Высоту 215 я перелетел с первого захода. Мой соперник не отставал. Наблюдая за ним, я подметил, что в его поведении уже отсутствовала прежняя небрежность победителя, напротив - американец держался скромно, он предельно настроился на выигрыш. Он очень хотел победы именно в этой встрече. Во-первых, ему надо было оправдаться перед публикой за поражение в Риме и восстановить свой престиж, во-вторых, этот день совпадал с его днем рождения и Ник решил сам себе сделать подарок.

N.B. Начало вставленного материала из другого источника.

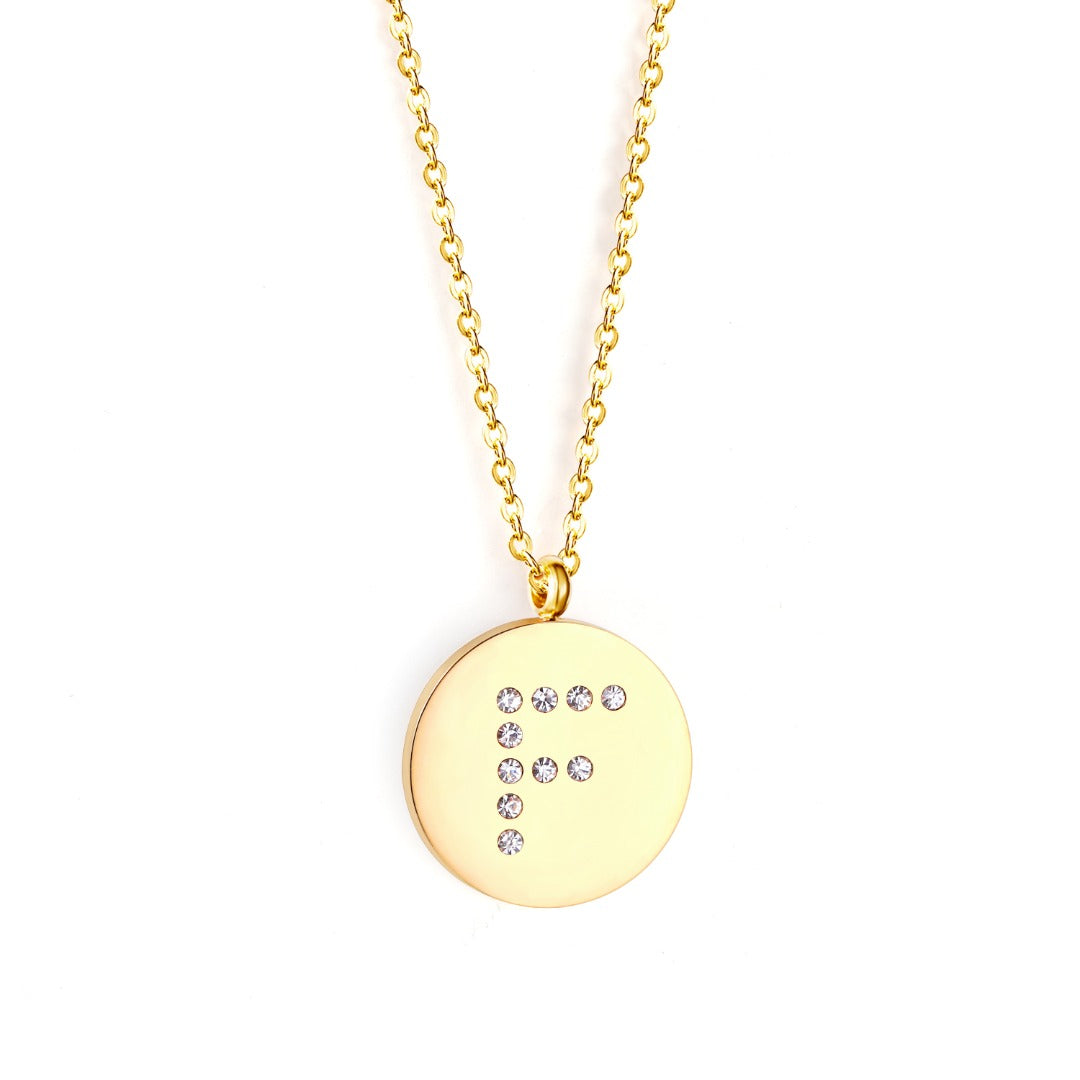 Say My Name Necklace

Я не менее соперника сознавал ответственность первого поединка. Было ясно: если сегодня мне удастся вырвать победу, две оставшиеся встречи пройдут легче. У Ника появятся первые "бациллы" смирения передо мной, как перед неоднократным победителем. То есть поражение на Олимпийских играх ему уже не покажется случайным.
После того как Ник перепрыгнул 217, к нему подбежали, стали целовать, поздравлять - словно меня уже не существовало. Сам американец слабыми жестами показывал, что, мол, еще рано, но все же охотно пожимал протянутые руки.
Я понимал, что публика давит на мою психику.
Электрическое табло напомнило, что настала моя очередь.
Я встал спиной к планке и, пытаясь собраться, несколько раз глубоко набрал грудью воздух. Наконец резко обернулся. Я так волновался, что поначалу ничего не увидел. Потом из какого-то марева теней и цветных пятен передо мной медленно выплыла и четко обозначилась тонкая горизонтальная линия. Я догадался, что это планка. Краем глаза я вдруг заметил, что Джемс уже дает интервью нескольким корреспондентам. Меня это разозлило. Я отвернулся от рейки и принялся бессмысленно шагать из стороны в сторону.
Зрители притихли - ждали, что будет дальше.